Depuis
le mouillage de Mouli où nous venons d'arriver, Ouvéa ressemble
au paradis! Sous un soleil de plomb qui donne à la mer des couleurs de
cartes postales, les vingt-cinq kilomètres d'une plage ininterrompue
de sable blanc nous laissent sans voix. Sur cette plage presque déserte
où nous venons de poser le pied, le sable corallien est presque désagréable
tellement il est fin! Mouillé, il a presque la texture d'une boue immaculée
dans laquelle on s'enfonce quelques centimètres dès qu'on y pose
le pied. Ici, nulle possibilité de footing à moins d'être
fou. Nous nous adapterons donc aux circonstances en ne faisant aucun exercice
physique, sinon celui d'ouvrir grand nos yeux pour admirer les merveilles qui
s'offrent à nos yeux.
Derrière une rangée de cocotiers où se cachent quelques
habitations traditionnelles alimentée en eau par des puits d'eau saumâtres,
nous devinons à peine l'unique route asphaltée qui traverse la
quarantaine de kilomètres que mesure l'île du nord au sud. Le sourire
et l'accueil chaleureux des kanak qui ne cherchent qu'à discuter double
le charme de cet endroit presque magique.

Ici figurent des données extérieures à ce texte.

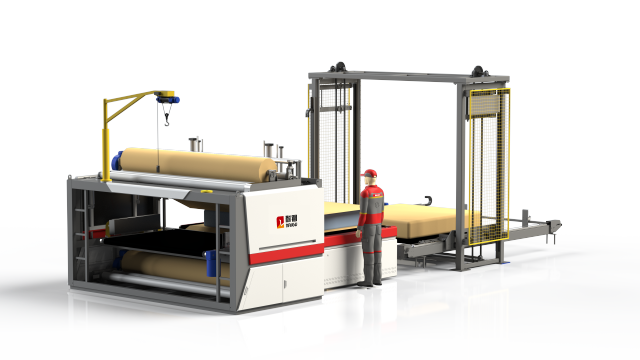 NG-54M Automatic Mattress Kraft Paper Packing Machine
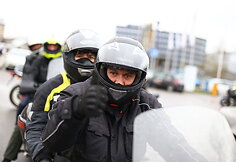 &bdquo;Mototurizmo sprintas&ldquo; Vilniuje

Dès le lendemain, nous remonterons facilement en stop les quarante kilomètres
qui nous séparent de Gossana. Si le nom de cette tribu ne signifie rien
à priori, l'histoire récente des événements de la
Grotte d'Ouvéa sur les terres de laquelle elle est située, nous
parle plus directement. Terre d'une frange très dure des indépendantistes
kanak, l'île d'Ouvéa résonne douloureusement dans les mémoires
pour avoir été le siège des évènements tragiques
de 1988. C'est ici en effet que 26 hommes (2 militaires, 5 gendarmes et 19 indépendantistes
kanak) perdront la vie, suite à une intervention 'musclée' du
GIGN qui mettra fin tragiquement à une prise d'otages de gendarmes. En
pleine campagne présidentielle, la droite au gouvernement joue la carte
de la fermeté. Elle perdra les élections.
Treize ans après, si ces évènements tragiques ont traumatisé
l'île toute entière et marqué l'opinion publique en métropole,
les tensions se sont apaisées et un dialogue constructif a repris naissance.
Toutefois, la grotte reste un lieu un peu particulier auquel on ne peut accéder
sans autorisation du Grand Chef de la tribu. Forts de ces informations, après
une première, puis une seconde démarche très protocolaire,
nous somme invités à exposer l'objet de notre visite auprès
du porte-parole du Grand Chef. Sans ôter ses lunettes de soleil, les bras
croisés sur un torse de videur de boîte de nuit, ce molosse d'une
vingtaine d'années peu souriant et bien grave pour son âge (!)
nous propose 'de repasser dans la soirée, le Grand Chef étant
dans l'impossibilité de (nous) parler, retenu auprès des familles
de futurs époux pour accomplir les rituels coutumiers afférent
au mariage'. Le remerciant de nous avoir reçus et nous excusant de l'avoir
importuné (faux-culs que nous sommes!), nous repartirons par le même
chemin, sûrs de ne pas revenir.
Sur le chemin du retour, nous nous arrêtons quelques minutes auprès
de l'imposant monument dédié aux 19 indépendantistes qui
ont, je cite "donné leur sang pour la liberté". Sans
juger, tout ce que nous voyons, c'est une immense tombe où sont affichées
les portraits d'hommes dont certains n'avaient pas 20 ans.
Un an après cet épisode tragique,
la folie extrémiste fera encore parler la poudre. C'est en effet également
sur ce joyau des Îles Loyautés que deux leaders kanak favorales
au dialogue avec la république, Jean-Marie Tjibaou et Yeiwéné
Yeiwéné, seront assassinés par Djubelly
Wéa.
Depuis, pour le bien de tous, la raison et le dialogue semblent l'avoir emporté.